On Fri, Oct 8, 2010 at 3:23 PM, David Birdsong <david.birds...@gmail.com> wrote: > On Fri, Oct 8, 2010 at 11:37 AM, Jonathan Ultis > <jonathan.ul...@gmail.com> wrote: >> I like that thought. Yeah, mlocking memory will only provide a runway >> for read throughput problems due to the working set size exceeding >> memory. If the problem was write throughput...
>> Let's see, increasing the dirty_ratio would let the OS hold more dirty >> pages in memory. That won't change the total write throughput by >> itself. But, it might allow more edits to land on already dirty pages. >> If the edits end up merging, then that would reduce the amount of >> write throughput needed. Hopefully. Is that the idea? > sounds good to me.
>> Are you sure the root problem was write throughput? That doesn't fit >> entirely with the explanation of why adding a new shard didn't fix the >> problem. Moving blocks to a new machine should reduce the write rate >> on the original shard immediately, even if there is fragmentation that >> prevents the working set size from shrinking.
>> Isn't it more likely that the working set size for read exceeded >> memory, causing reads to hit disk sometimes? The new read load was big >> enough that moving a percentage of the write load onto a new shard did >> not fix the IO contention on the original machine. Increasing the >> available RAM would have removed the read IO entirely, fixing the >> problem and creating a runway.
> very possibly yes. if i understand the VM, linux at least, reading > all over an mmap'd space does count toward the dirty page ratio, but > perhaps are bounded by all of available RAM (swap too?). if one reads > beyond what's available, then other pages are evicted. i can't seem > to find any reference to describe which pages are chosen for eviction, > perhaps LRU -that's just a guess.
> to provide the runway you proposed, using the dirty page settings > would not help in the case of heavily randomized reads i guess. > another way to do the mlock safe guard is to set the the > min_free_kbyes setting to include this runway and simply remove that > runway amount when things get hairy enough.
> i know ssd drives were already brought up, but if the problem was in > fact random reads and not necessarily writes, ssd's could have helped. > my guess is that it was probably both.
>> On Oct 8, 10:14 am, David Birdsong <david.birds...@gmail.com> wrote: >>> On Fri, Oct 8, 2010 at 9:15 AM, Jonathan Ultis <jonathan.ul...@gmail.com> wrote: >>> > That is why setting a limit on the RAM used by MongoDB would be >>> > useful.
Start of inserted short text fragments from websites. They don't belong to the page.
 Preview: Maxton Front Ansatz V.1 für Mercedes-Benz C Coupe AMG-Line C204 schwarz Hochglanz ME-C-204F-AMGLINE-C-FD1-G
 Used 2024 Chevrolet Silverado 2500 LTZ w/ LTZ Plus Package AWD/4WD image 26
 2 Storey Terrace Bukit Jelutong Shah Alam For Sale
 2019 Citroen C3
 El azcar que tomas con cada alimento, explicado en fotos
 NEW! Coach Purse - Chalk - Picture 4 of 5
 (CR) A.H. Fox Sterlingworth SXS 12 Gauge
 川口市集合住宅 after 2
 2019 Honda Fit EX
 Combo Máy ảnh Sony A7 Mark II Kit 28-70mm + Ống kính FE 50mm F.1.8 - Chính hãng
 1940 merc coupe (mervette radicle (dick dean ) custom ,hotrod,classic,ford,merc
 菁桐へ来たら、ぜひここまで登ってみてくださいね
If it were possible to set a limit, they could have limited >>> > the machine to 64GB resident. Then, when the system started to fall >>> > over, they could stop MongoDB, bump the limit to 66GB, then turn >>> > MongoDB back on.
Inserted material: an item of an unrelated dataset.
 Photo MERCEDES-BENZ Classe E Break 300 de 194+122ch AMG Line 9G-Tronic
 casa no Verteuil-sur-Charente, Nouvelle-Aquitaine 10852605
>>> AFAIK, Mongo isn't malloc'ing memory. you can mmap 100x physical RAM >>> on the box. it isn't resident memory; it's all virtual. If mongo >>> dirties pages beyond the configured amount that the system allows to >>> be dirty, then the vm manager will flush pages to the backnig mmap >>> file. Usually that configured amount is derived via percentages of >>> the system RAM. In foursquare's case, they were dirtying pages above >>> that threshold and the debt owed to IOwait piled up. I'm not negating >>> your later idea though.
>>> > Placing a limit on the memory used by MongoDB artificially reduces the >>> > overall system capacity. But, it creates a more reliable early warning >>> > with a fast path to a temporary fix. The temporary fix will usually >>> > last long enough to get new shards online.
>>> Theoretically you could lower that aforementioned dirty percentage >>> using the vm tuning tools. In linux, /proc/sys/vm/... If the working >>> set is diryting pages beyond the thresholds, then the os will start >>> flushing to disk and mongo will get slow, you could simply raise the >>> vm thresholds and get this temporary runway.
>>> > Brainstorming.... one could allocate memory in another process, mlock >>> > it so that it can't be swapped out, and then just let it sit in an >>> > infinite sleep. If the server starts to fall over due to lack of >>> > memory, kill the process with the mlocked memory, and boom. You have >>> > runway.
>>> > -Jonathan
>>> > On Oct 8, 7:01 am, Eliot Horowitz <eliothorow...@gmail.com> wrote: >>> >> Knowing what the actual limit can be tricky. >>> >> There was monitoring in place, but the limit for when to add capacity >>> >> wasn't quite right.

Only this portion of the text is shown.